PROVIDED MATERIAL>
══════════════════════════════

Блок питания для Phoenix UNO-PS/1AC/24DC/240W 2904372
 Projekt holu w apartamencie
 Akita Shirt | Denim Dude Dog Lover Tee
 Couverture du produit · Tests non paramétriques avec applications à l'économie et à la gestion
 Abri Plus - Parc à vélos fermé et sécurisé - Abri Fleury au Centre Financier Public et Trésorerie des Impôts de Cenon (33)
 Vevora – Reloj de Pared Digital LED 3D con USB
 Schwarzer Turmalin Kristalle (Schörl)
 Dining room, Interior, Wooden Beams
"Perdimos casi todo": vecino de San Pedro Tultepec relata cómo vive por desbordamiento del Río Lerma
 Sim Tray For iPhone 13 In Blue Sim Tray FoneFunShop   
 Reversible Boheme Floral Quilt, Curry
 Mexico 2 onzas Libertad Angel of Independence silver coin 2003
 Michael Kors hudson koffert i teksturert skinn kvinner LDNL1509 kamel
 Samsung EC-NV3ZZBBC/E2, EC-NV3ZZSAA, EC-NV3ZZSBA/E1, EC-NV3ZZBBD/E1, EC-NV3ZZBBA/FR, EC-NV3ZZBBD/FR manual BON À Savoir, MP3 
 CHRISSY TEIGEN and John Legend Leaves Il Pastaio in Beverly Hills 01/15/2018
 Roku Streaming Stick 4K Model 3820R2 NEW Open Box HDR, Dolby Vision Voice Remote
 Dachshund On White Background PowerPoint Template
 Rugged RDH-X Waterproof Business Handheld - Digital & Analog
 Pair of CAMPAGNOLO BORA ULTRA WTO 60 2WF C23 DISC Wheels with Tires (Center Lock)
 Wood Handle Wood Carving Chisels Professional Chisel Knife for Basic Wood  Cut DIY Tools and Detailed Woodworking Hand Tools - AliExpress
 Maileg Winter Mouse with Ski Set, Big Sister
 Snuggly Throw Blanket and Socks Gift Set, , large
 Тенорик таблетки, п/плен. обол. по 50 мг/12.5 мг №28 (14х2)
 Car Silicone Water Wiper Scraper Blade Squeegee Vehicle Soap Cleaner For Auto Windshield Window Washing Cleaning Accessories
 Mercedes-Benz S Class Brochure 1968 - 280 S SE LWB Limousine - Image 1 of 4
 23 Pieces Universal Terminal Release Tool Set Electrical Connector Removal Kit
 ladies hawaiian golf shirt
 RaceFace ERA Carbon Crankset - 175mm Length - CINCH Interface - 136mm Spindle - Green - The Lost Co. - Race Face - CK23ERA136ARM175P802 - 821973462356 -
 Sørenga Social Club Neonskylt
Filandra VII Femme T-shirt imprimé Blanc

══════════════════════════════

TASK DETAILS>
An exact transcription of all the records is needed.

ANSWER BELOW>
Блок питания для Phoenix UNO-PS/1AC/24DC/240W 2904372
 Projekt holu w apartamencie
 Akita Shirt | Denim Dude Dog Lover Tee
 Couverture du produit · Tests non paramétriques avec applications à l'économie et à la gestion
 Abri Plus - Parc à vélos fermé et sécurisé - Abri Fleury au Centre Financier Public et Trésorerie des Impôts de Cenon (33)
 Vevora – Reloj de Pared Digital LED 3D con USB
 Schwarzer Turmalin Kristalle (Schörl)
 Dining room, Interior, Wooden Beams
"Perdimos casi todo": vecino de San Pedro Tultepec relata cómo vive por desbordamiento del Río Lerma
 Sim Tray For iPhone 13 In Blue Sim Tray FoneFunShop   
 Reversible Boheme Floral Quilt, Curry
 Mexico 2 onzas Libertad Angel of Independence silver coin 2003
 Michael Kors hudson koffert i teksturert skinn kvinner LDNL1509 kamel
 Samsung EC-NV3ZZBBC/E2, EC-NV3ZZSAA, EC-NV3ZZSBA/E1, EC-NV3ZZBBD/E1, EC-NV3ZZBBA/FR, EC-NV3ZZBBD/FR manual BON À Savoir, MP3 
 CHRISSY TEIGEN and John Legend Leaves Il Pastaio in Beverly Hills 01/15/2018
 Roku Streaming Stick 4K Model 3820R2 NEW Open Box HDR, Dolby Vision Voice Remote
 Dachshund On White Background PowerPoint Template
 Rugged RDH-X Waterproof Business Handheld - Digital & Analog
 Pair of CAMPAGNOLO BORA ULTRA WTO 60 2WF C23 DISC Wheels with Tires (Center Lock)
 Wood Handle Wood Carving Chisels Professional Chisel Knife for Basic Wood  Cut DIY Tools and Detailed Woodworking Hand Tools - AliExpress
 Maileg Winter Mouse with Ski Set, Big Sister
 Snuggly Throw Blanket and Socks Gift Set, , large
 Тенорик таблетки, п/плен. обол. по 50 мг/12.5 мг №28 (14х2)
 Car Silicone Water Wiper Scraper Blade Squeegee Vehicle Soap Cleaner For Auto Windshield Window Washing Cleaning Accessories
 Mercedes-Benz S Class Brochure 1968 - 280 S SE LWB Limousine - Image 1 of 4
 23 Pieces Universal Terminal Release Tool Set Electrical Connector Removal Kit
 ladies hawaiian golf shirt
 RaceFace ERA Carbon Crankset - 175mm Length - CINCH Interface - 136mm Spindle - Green - The Lost Co. - Race Face - CK23ERA136ARM175P802 - 821973462356 -
 Sørenga Social Club Neonskylt
Filandra VII Femme T-shirt imprimé Blanc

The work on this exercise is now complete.